Años después, los jardines del palacio de Veyrath estaban más vivos que nunca. Flores de todos los colores se mecían con la brisa, y el sonido de la fuente recordaba a todos los que pasaban la importancia de la paz y la armonía.
Elara, ahora reina consorte junto a Kael, caminaba entre los senderos floridos, sosteniendo en sus manos la Corona del Corazón, que ya no solo brillaba con magia, sino con la certeza de un amor sincero y duradero. Kael la acompañaba, su mirada siempre atenta y protectora, como en aquel primer momento bajo la luna.
—¿Sabes? —dijo Elara, sonriendo mientras colocaba la corona sobre un pedestal en la sala del trono—. Nunca imaginé que un objeto pudiera enseñarnos tanto sobre el amor y la valentía.
—Ni yo —respondió Kael, tomando su mano—. Pero lo hizo, y nos mostró que los corazones unidos siempre encontrarán la fuerza para vencer cualquier oscuridad.
El relicario de la corona latió suavemente, como un eco de su historia, recordando a todos que la verdadera magia no estaba en el poder, sino en la sinceridad, el coraje y la libertad de elegir.

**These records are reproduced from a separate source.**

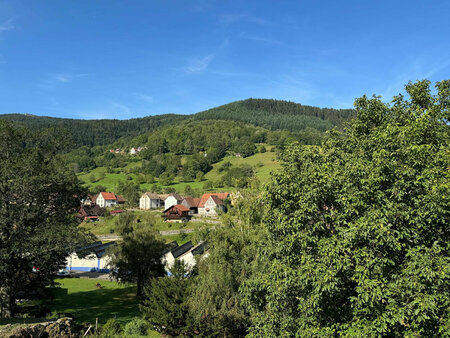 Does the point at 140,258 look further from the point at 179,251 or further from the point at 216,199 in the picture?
the point at 216,199

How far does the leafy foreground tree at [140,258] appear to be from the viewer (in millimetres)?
39625

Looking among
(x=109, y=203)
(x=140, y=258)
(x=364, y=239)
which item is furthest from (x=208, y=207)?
(x=364, y=239)

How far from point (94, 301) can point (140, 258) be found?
793 cm

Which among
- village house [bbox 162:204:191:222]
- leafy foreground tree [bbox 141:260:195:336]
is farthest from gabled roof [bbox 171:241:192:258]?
village house [bbox 162:204:191:222]

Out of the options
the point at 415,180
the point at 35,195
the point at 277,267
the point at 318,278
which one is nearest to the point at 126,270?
the point at 35,195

Elara y Kael caminaron hacia el balcón del palacio, donde podían ver todo el reino. La gente saludaba, celebraba y vivía en paz. La princesa que una vez había dudado de su destino ahora sabía que el amor verdadero y la valentía podían cambiar el mundo.
Y mientras el sol dorado se alzaba sobre Veyrath, sus corazones latieron al mismo ritmo, prometiéndose que jamás dejarían que nada ni nadie rompiera ese vínculo. La corona los había elegido, sí… pero sobre todo, ellos eligieron el uno al otro, para siempre.